With a clerical job interview scheduled for 9 o’clock, I grabbed Mom’s mauve Donna Karan hand-me-down suit, showered in the communal bathroom, arriving overdressed to the dorm cafeteria at 6 a.m. I scrawled Lisa and Zero’s tackiness down in my trusty spiral notebook where, like Didion, I recorded everything. Meanwhile I landed the $22,000 a year secretary gig.
Like Didion, I was sure magic might strike any second. Refusing to hear Lisa and Zero moan nightly, I found a cheap one-bedroom share, crashing on a futon in the then wildly dangerous East Village. (“It’s the Lower East Side,” Dad screamed. “The realtors are lying!”) My temporary fix lasted seven years. It took a lot longer to get a real mattress, a partner to share it with, and to make Manhattan mine.

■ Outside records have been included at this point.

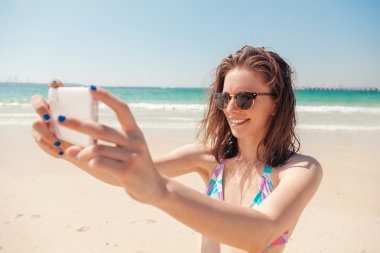 Genç erkek Selfie alarak deniz kıyısı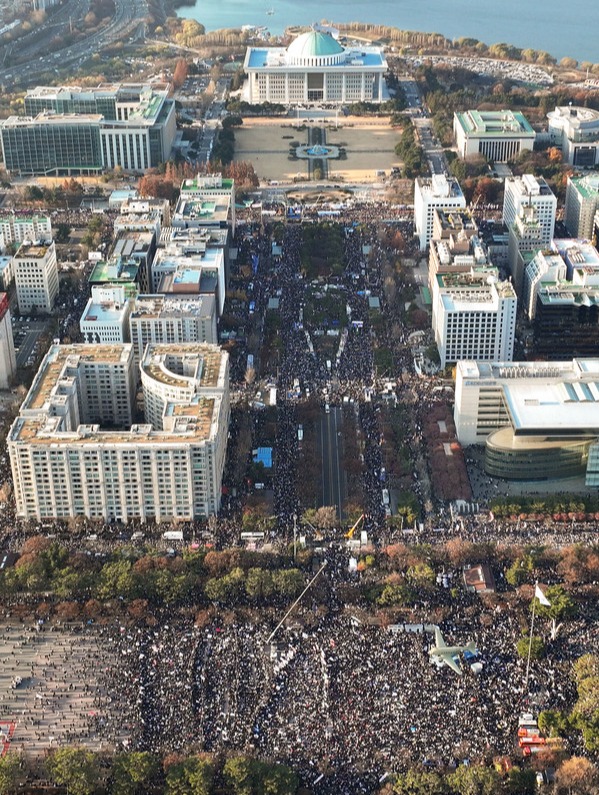 ▲ 윤석열 대통령 탄핵소추안 국회 재표결이 진행되고 있는 지난 14일 서울 여의도 국회의사당 앞에서 열린 촛불집회에서 시민들이 탄핵소추안 가결을 촉구하고 있다. 사진=뉴시스
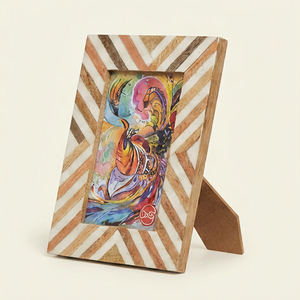 Cadre photo en bois rectangulaire vertical fait main à motif chevron pour présentation créative sur table - Product Image 1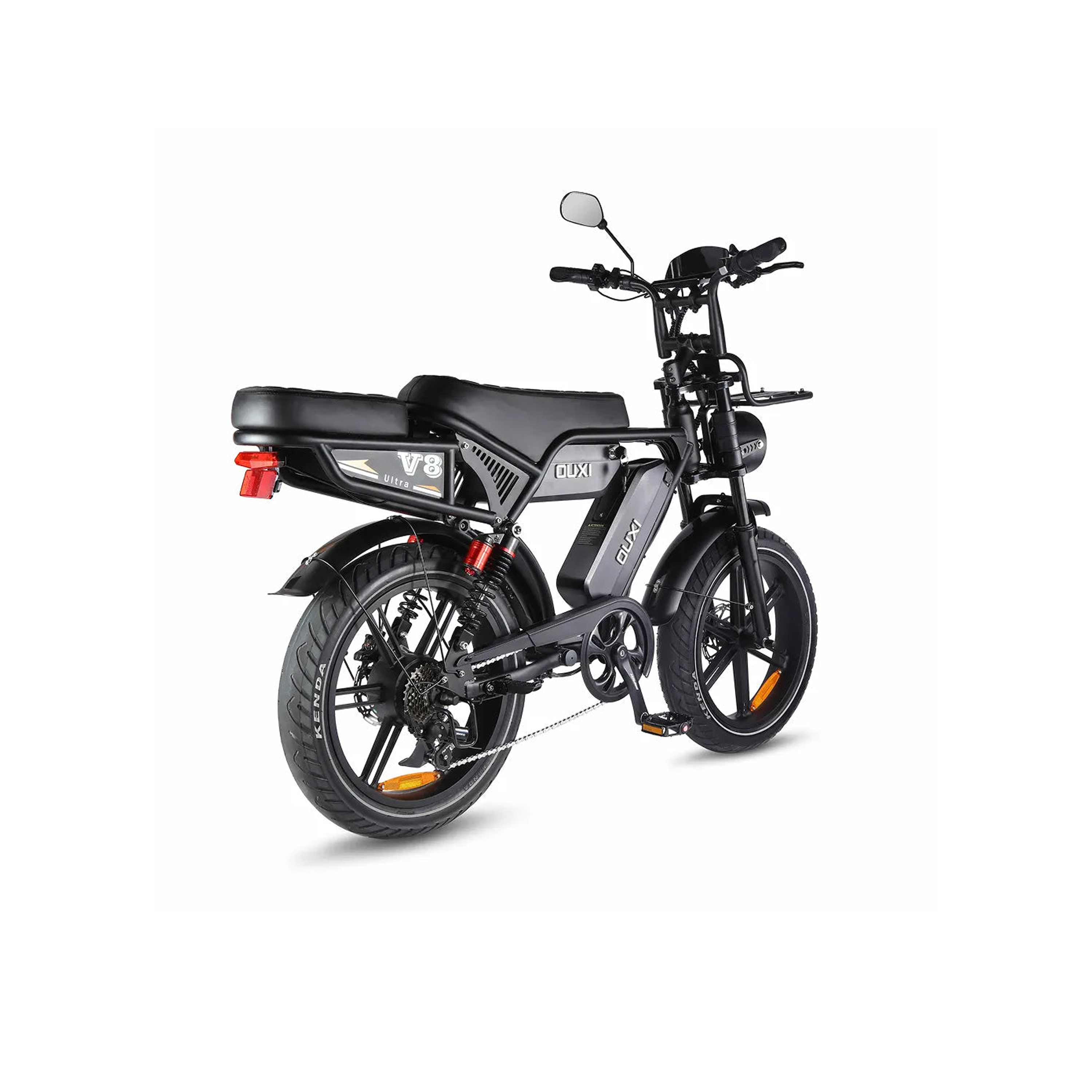 Een zwarte OUXI FATBIKE V8 ULTRA MAX – MODEL 2026, uitgerust met hydraulische remmen, een dubbele accu, een lang, gewatteerd zadel, achteruitkijkspiegels en spatborden voor en achter – gefotografeerd vanuit een zijdelingse hoek van achteren tegen een witte achtergrond.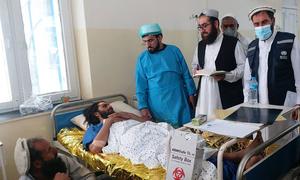 Des équipes de l'OMS aident des agents de santé afghans à prendre soin des gens affectés par le séisme en Afghanistan.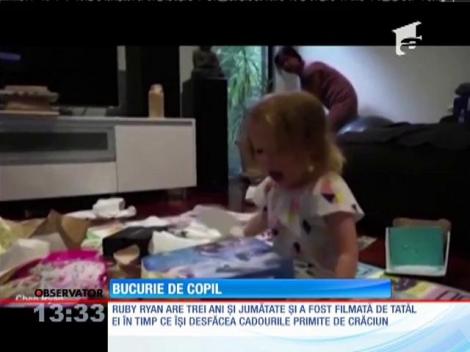 Bucuria unei fetiţe face înconjurul lumii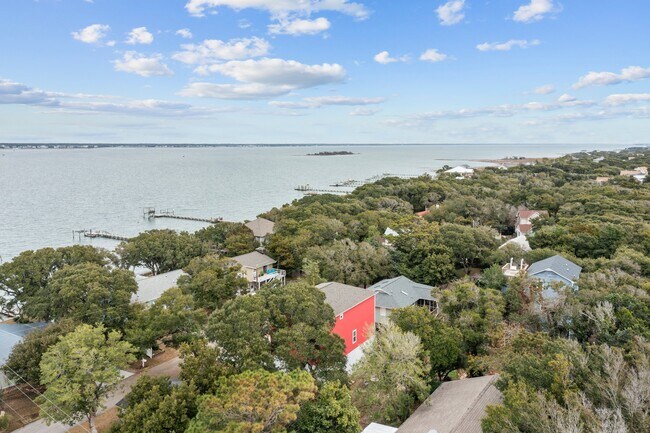 Building Photo - 5603 Sound Dr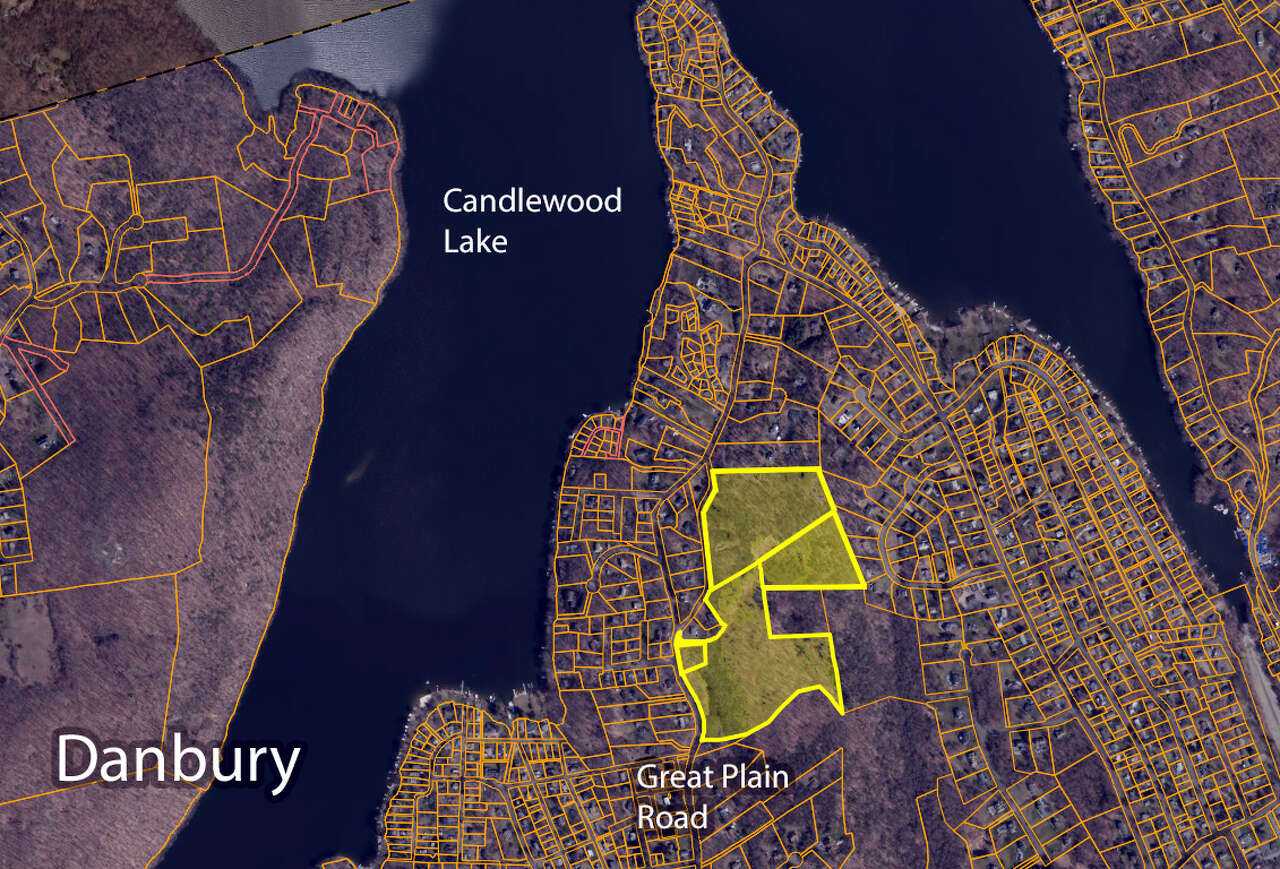 Disputed Candlewood Lake housing plan near Danbury Bay resurfaces 20 years after first approval<br><br>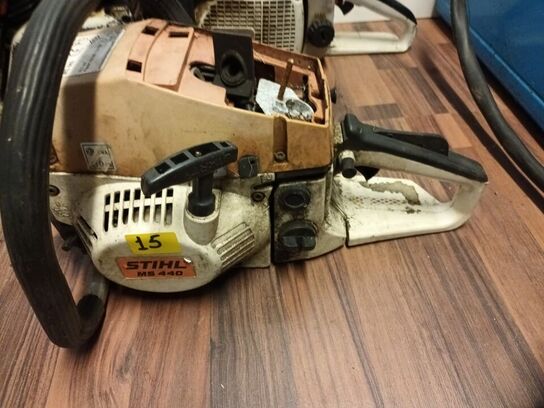5 stk. Kædesave STILL, 1 stk. græstrimmer, 4 stk. kædesave og trimmer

My eighth year east, I sunk into despair at 28, recalling Didion’s depression at that age. Dumped by the Dylan biographer I’d moved in with, I sublet part of a Flower District loft. Awakened by noise at 3 a.m., I turned on the light to discover a rat eating the Saran Wrap off popcorn on the counter. Horrified, I called Gary, now an L.A. filmmaker. He stayed on the phone until dawn, joking he’d extend his “weirdness offer.” I hoped Gary would sweep me off to sanity and sunshine, the way Didion chronicled her rescue by John Gregory Dunne.
That didn’t happen. So I took notes on my romantic rejections (which would eventually form my first book) while juggling babysitting, proofreading, transcription. “You’re freelance everything,” my mother complained.

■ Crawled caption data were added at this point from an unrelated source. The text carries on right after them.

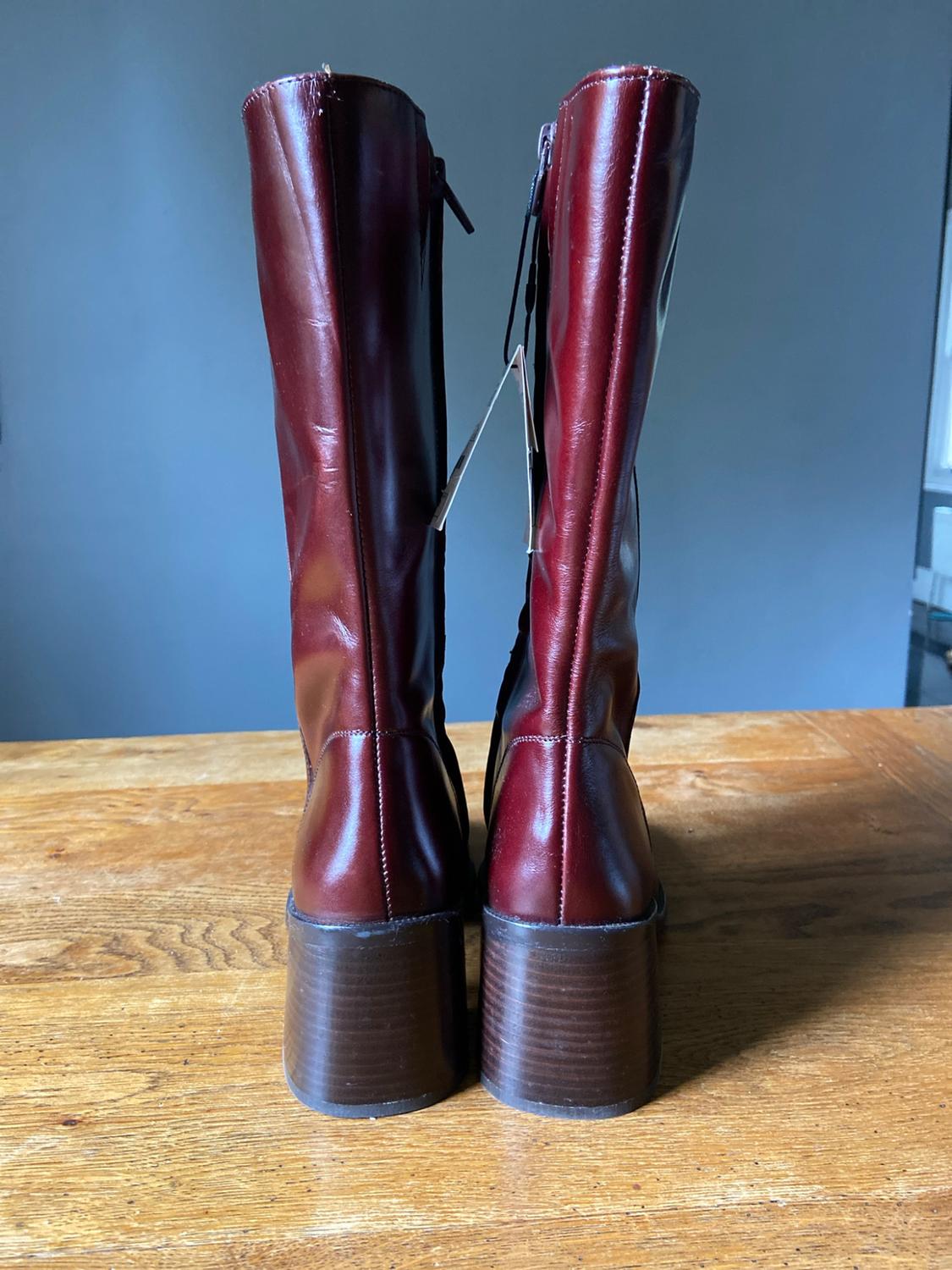 LEATHER ANKLE BOOTS WITH SQUARE TOE - Image 2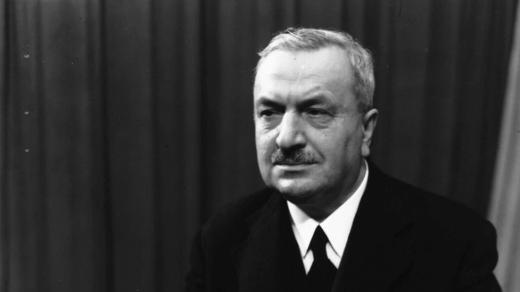 Albert Pražák v rozhlasovém studiu (1941)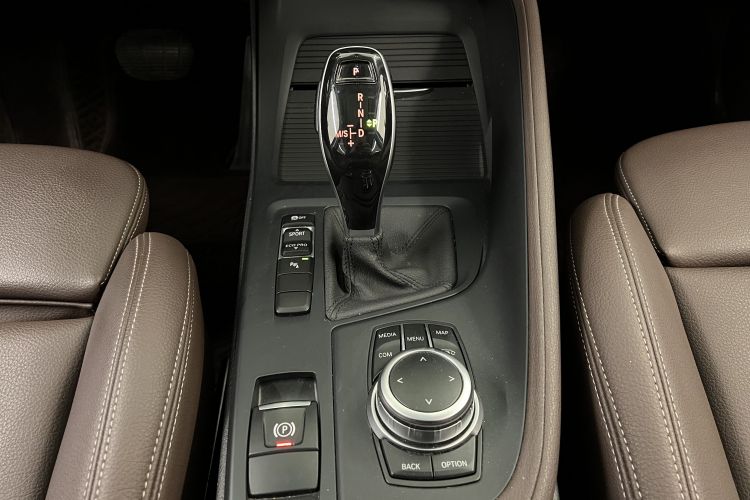 宝马X1 2022款 sDrive25Li 领先型中控内饰7007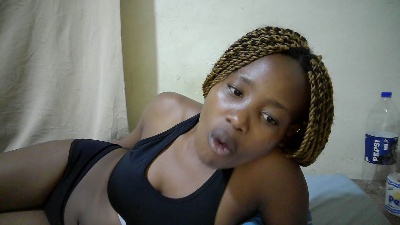 queen_slender live cam on Cam4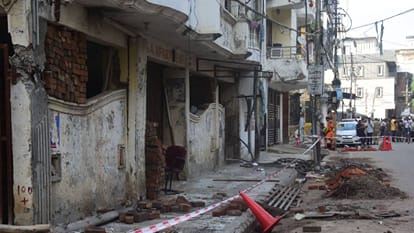 UP People apartment pillar cracked prop up NDRF evacuated families.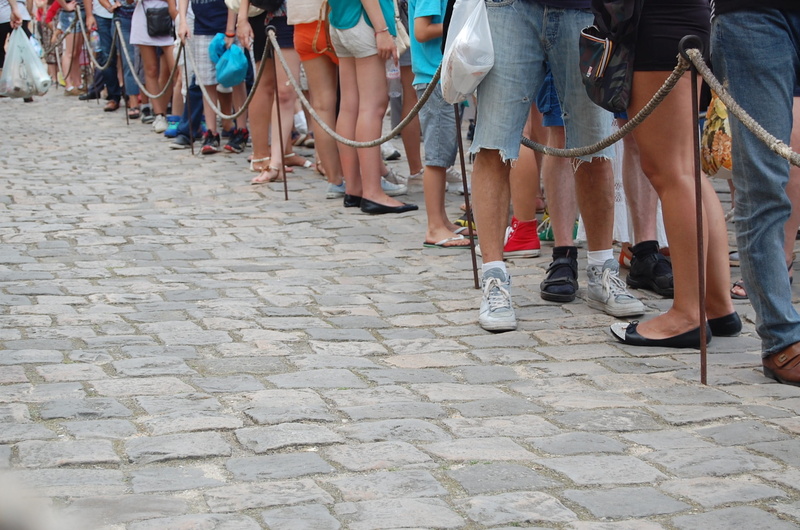 cobblestone, group of people, lifestyles, city, casual clothing, streets, body part, large group of people, 1080P, group, day, real people, queue, adult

At 35, I wedded my own brilliant older screenwriter (who — weirdly — shared Gary’s last name). We flirted with bicoastal living in Didion’s L.A. playground, but borrowed the down payment for a two bedroom, two bath in Greenwich Village.
Around my 20-year New York anniversary, at a dinner party, a playwright pal introduced her Great Neck guest. “Three kids in the burbs,” the playwright whispered. “Lisa’s husband made a mint selling his copy place.” She mentioned its unusual name.

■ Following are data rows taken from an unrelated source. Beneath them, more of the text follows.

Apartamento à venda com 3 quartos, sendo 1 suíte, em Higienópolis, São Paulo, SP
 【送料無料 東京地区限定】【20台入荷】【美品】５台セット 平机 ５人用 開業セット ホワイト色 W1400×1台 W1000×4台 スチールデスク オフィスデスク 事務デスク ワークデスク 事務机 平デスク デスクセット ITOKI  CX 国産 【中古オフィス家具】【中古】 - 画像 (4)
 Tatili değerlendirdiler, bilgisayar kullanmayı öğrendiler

“My first NYU roommate worked there,” I recalled. “Redheaded actress.”
The hostess’s Lisa was my first roommate in Gotham. I planned to confront Lisa on her rudeness years before, about to spill my sordid memory to this 40-ish pastel-clad mommy I wouldn’t have recognized.
“Gosh, you’re the Sue I keep hearing about? I love your work,” Lisa said. She eyeballed my tight black Levis, black cashmere sweater, black cowboy boots. “You look great. You’re still downtown? Man, I miss the Village. I gave up acting. But you really made it.”
Had I? For the first time I thought: Wow. Maybe this was making it.
Staring at Lisa now, I told her, “Small world. So nice to see you again,” deciding to be classy (and saving the tacky story of Zero to spill later).
I recalled Lisa and Zero shaking my resolve on the eve of my new life. Yet I never gave up hoping the city would return my affection. Neither did Didion, who — in a magical moment at a recent award ceremony — touched my hand when I complimented her latest memoir. She’d actually returned to Manhattan in her 50s, betraying her famous claim that New York was just for the youthful. I found it to be the opposite: a crazy luminous kingdom, conquered only with perseverance. Dismayed my students don’t know her work, I assign her essay, constantly quoting her warning that “a writer’s always selling someone out.”